Development & Aid, Europe, Headlines, Human Rights, Migration & Refugees, Population

EUROPE: No Asylum, Now Go To Jail

David Cronin

BRUSSELS, Jun 6 2008 (IPS) - Asylum-seekers whose bid to live in the European Union has been rejected could be detained for up to 18 months under a new law approved by the bloc’s 27 governments.

The so-called returns directive sets common rules across the Union for the treatment of failed asylum-seekers prior to their expulsion from EU territory. Its most controversial provision is that it allows for those awaiting deportation to be locked up for a maximum of 18 months.

Human rights activists fear that people who have not committed any offence will be routinely held for lengthy periods as a result.

The law was rubber-stamped by the EU’s justice and interior ministers at a Jun. 5-6 meeting. However, it will have to be endorsed by the European Parliament, the bloc’s only directly elected institution, before it can come into effect. Members of the Parliament (MEPs) are due to decide what stance to take on it Jun. 18.
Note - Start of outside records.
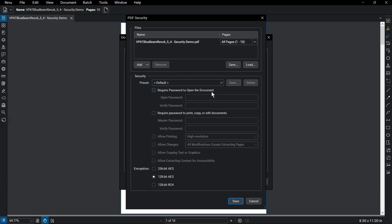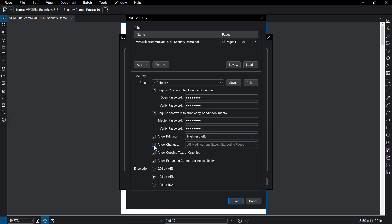You can choose to set a password requirement for opening documents, and also for access to printing, copying, or editing document settings. For the latter, you can also specifically decide which of those functions another user has when they access the document.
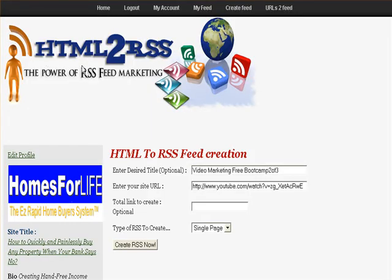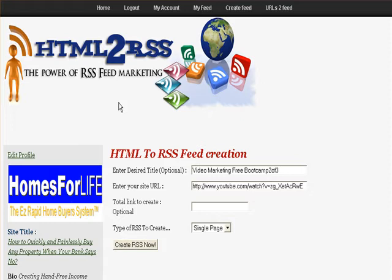This is a short video teaching you how to use HTML to RSS — take any web page and convert it to an RSS feed so you can submit it and get ranked quickly on Google. You can go to html2rss.com and sign up for a free account. Tell Pete Drews that I sent you. It's a great way to get additional backlinks to your website, get higher rankings from Alexa and Google, and also get permanently indexed.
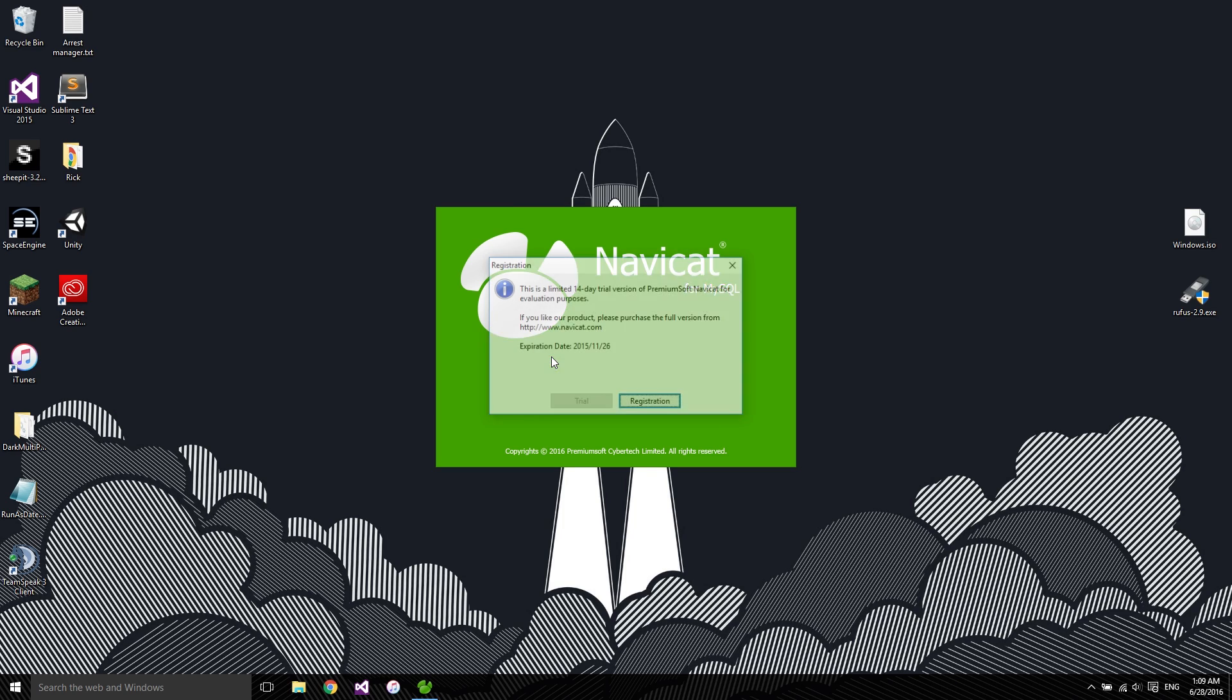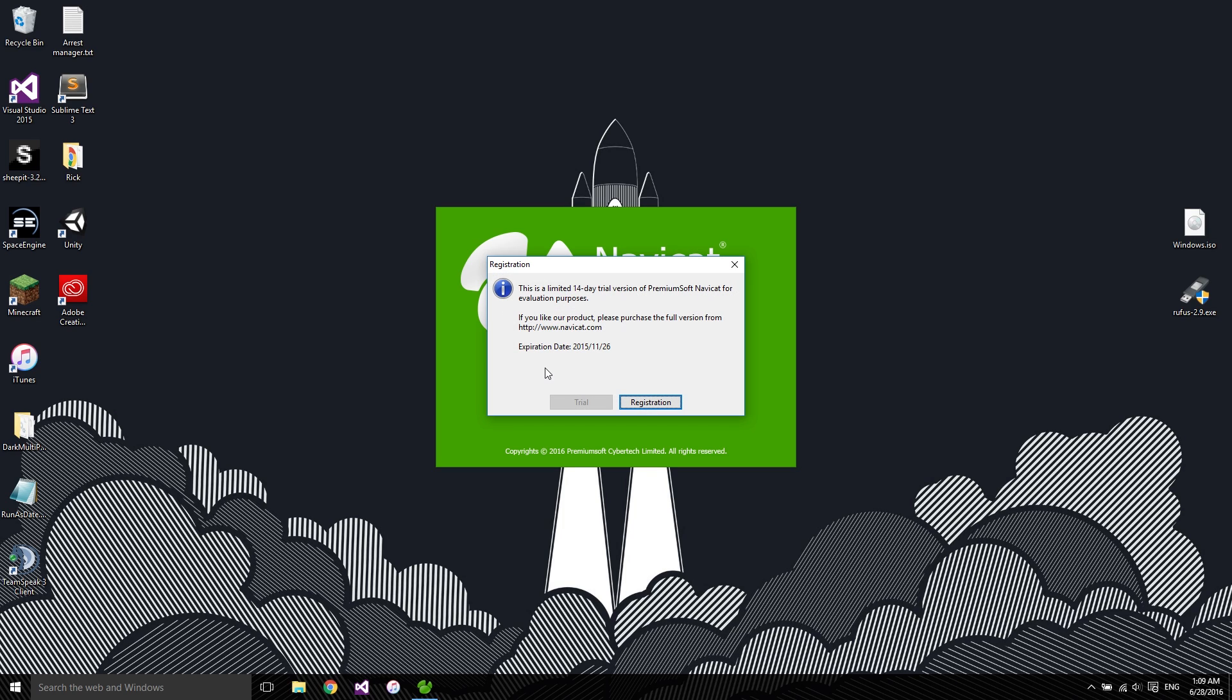So as you can see, when I click on NaviCat, it tells me that it expires on the 26th of November 2015.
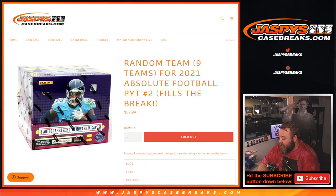Hi everyone, Sean with JaspiesCaseBreaks.com here doing a random team randomizer for 2021 Absolute Football. Pick your team number two half case break.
Dragutin Mate, interior minister of Slovenia, which holds the EU’s rotating presidency, argued this week that the possible rejection of the directive by the Parliament was a “black scenario” that would seriously delay efforts to draw up common rules in this legislative area.

More than 220 camps for detaining asylum-seekers are currently in operation across the EU; in total, they have a capacity for holding 30,000 people. While many EU countries allow for detention of between 12 and 18 months, some states such as Britain, the Netherlands, Greece and Denmark stipulate no maximum length of detention. In Malta, many asylum-seekers were found to have been held for five years, according to a 2006 study.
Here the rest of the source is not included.